Data to use:

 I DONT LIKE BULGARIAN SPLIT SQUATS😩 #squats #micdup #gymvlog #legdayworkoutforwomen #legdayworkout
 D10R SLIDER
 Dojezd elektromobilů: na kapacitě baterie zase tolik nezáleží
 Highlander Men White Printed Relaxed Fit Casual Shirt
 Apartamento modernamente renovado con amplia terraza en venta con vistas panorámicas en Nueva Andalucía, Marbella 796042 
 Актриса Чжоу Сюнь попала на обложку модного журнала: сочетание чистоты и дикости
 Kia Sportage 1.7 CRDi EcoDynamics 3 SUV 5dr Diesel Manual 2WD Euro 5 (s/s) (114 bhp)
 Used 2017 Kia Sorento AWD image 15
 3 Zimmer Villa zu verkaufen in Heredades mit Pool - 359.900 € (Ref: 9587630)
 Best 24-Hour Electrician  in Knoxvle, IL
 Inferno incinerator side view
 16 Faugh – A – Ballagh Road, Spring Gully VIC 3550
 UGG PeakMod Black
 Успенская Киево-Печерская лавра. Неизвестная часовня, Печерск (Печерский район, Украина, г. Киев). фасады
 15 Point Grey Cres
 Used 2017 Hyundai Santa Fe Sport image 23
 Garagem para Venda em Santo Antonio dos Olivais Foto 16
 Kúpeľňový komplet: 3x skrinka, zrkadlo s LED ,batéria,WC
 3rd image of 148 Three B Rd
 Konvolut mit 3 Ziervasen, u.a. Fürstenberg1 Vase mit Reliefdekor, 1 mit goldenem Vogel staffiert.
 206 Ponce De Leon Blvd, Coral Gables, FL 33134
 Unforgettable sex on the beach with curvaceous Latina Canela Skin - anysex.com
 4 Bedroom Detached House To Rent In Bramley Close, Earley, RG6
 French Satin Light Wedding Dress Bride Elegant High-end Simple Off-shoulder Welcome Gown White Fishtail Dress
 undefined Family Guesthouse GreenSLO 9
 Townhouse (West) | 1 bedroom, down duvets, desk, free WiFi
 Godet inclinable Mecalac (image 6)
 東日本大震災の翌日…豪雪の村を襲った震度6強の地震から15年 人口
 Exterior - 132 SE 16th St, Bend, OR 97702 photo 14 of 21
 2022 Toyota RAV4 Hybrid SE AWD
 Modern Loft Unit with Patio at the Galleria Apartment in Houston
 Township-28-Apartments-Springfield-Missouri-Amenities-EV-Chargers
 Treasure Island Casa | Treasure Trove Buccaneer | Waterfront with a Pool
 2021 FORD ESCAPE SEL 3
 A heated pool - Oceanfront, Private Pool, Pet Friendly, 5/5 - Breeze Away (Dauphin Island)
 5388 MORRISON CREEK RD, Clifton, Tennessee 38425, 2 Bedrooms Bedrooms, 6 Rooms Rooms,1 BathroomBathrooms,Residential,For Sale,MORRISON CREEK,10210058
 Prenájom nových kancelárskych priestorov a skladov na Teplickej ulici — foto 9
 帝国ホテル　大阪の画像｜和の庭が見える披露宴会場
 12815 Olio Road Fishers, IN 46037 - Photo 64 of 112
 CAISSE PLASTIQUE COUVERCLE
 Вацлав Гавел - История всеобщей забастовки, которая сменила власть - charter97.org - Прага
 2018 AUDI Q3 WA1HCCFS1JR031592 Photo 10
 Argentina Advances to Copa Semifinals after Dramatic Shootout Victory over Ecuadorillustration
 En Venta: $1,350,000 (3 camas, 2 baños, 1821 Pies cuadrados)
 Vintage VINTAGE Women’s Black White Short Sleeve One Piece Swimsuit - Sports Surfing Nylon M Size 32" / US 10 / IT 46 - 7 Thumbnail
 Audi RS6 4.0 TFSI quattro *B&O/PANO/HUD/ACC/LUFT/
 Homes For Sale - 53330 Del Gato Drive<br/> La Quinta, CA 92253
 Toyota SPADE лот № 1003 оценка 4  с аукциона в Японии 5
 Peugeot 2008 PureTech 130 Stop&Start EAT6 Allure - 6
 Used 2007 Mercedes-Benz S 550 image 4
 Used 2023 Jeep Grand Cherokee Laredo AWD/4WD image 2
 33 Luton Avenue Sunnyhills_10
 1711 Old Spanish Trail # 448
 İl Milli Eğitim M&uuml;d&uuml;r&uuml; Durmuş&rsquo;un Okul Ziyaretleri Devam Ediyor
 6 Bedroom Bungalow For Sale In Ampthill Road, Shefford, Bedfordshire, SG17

Directions: Retype the listing above, word for word, from its first line to the line containing "5388 MORRISON CREEK", both ends included.

Response to the exercise:
 I DONT LIKE BULGARIAN SPLIT SQUATS😩 #squats #micdup #gymvlog #legdayworkoutforwomen #legdayworkout
 D10R SLIDER
 Dojezd elektromobilů: na kapacitě baterie zase tolik nezáleží
 Highlander Men White Printed Relaxed Fit Casual Shirt
 Apartamento modernamente renovado con amplia terraza en venta con vistas panorámicas en Nueva Andalucía, Marbella 796042 
 Актриса Чжоу Сюнь попала на обложку модного журнала: сочетание чистоты и дикости
 Kia Sportage 1.7 CRDi EcoDynamics 3 SUV 5dr Diesel Manual 2WD Euro 5 (s/s) (114 bhp)
 Used 2017 Kia Sorento AWD image 15
 3 Zimmer Villa zu verkaufen in Heredades mit Pool - 359.900 € (Ref: 9587630)
 Best 24-Hour Electrician  in Knoxvle, IL
 Inferno incinerator side view
 16 Faugh – A – Ballagh Road, Spring Gully VIC 3550
 UGG PeakMod Black
 Успенская Киево-Печерская лавра. Неизвестная часовня, Печерск (Печерский район, Украина, г. Киев). фасады
 15 Point Grey Cres
 Used 2017 Hyundai Santa Fe Sport image 23
 Garagem para Venda em Santo Antonio dos Olivais Foto 16
 Kúpeľňový komplet: 3x skrinka, zrkadlo s LED ,batéria,WC
 3rd image of 148 Three B Rd
 Konvolut mit 3 Ziervasen, u.a. Fürstenberg1 Vase mit Reliefdekor, 1 mit goldenem Vogel staffiert.
 206 Ponce De Leon Blvd, Coral Gables, FL 33134
 Unforgettable sex on the beach with curvaceous Latina Canela Skin - anysex.com
 4 Bedroom Detached House To Rent In Bramley Close, Earley, RG6
 French Satin Light Wedding Dress Bride Elegant High-end Simple Off-shoulder Welcome Gown White Fishtail Dress
 undefined Family Guesthouse GreenSLO 9
 Townhouse (West) | 1 bedroom, down duvets, desk, free WiFi
 Godet inclinable Mecalac (image 6)
 東日本大震災の翌日…豪雪の村を襲った震度6強の地震から15年 人口
 Exterior - 132 SE 16th St, Bend, OR 97702 photo 14 of 21
 2022 Toyota RAV4 Hybrid SE AWD
 Modern Loft Unit with Patio at the Galleria Apartment in Houston
 Township-28-Apartments-Springfield-Missouri-Amenities-EV-Chargers
 Treasure Island Casa | Treasure Trove Buccaneer | Waterfront with a Pool
 2021 FORD ESCAPE SEL 3
 A heated pool - Oceanfront, Private Pool, Pet Friendly, 5/5 - Breeze Away (Dauphin Island)
 5388 MORRISON CREEK RD, Clifton, Tennessee 38425, 2 Bedrooms Bedrooms, 6 Rooms Rooms,1 BathroomBathrooms,Residential,For Sale,MORRISON CREEK,10210058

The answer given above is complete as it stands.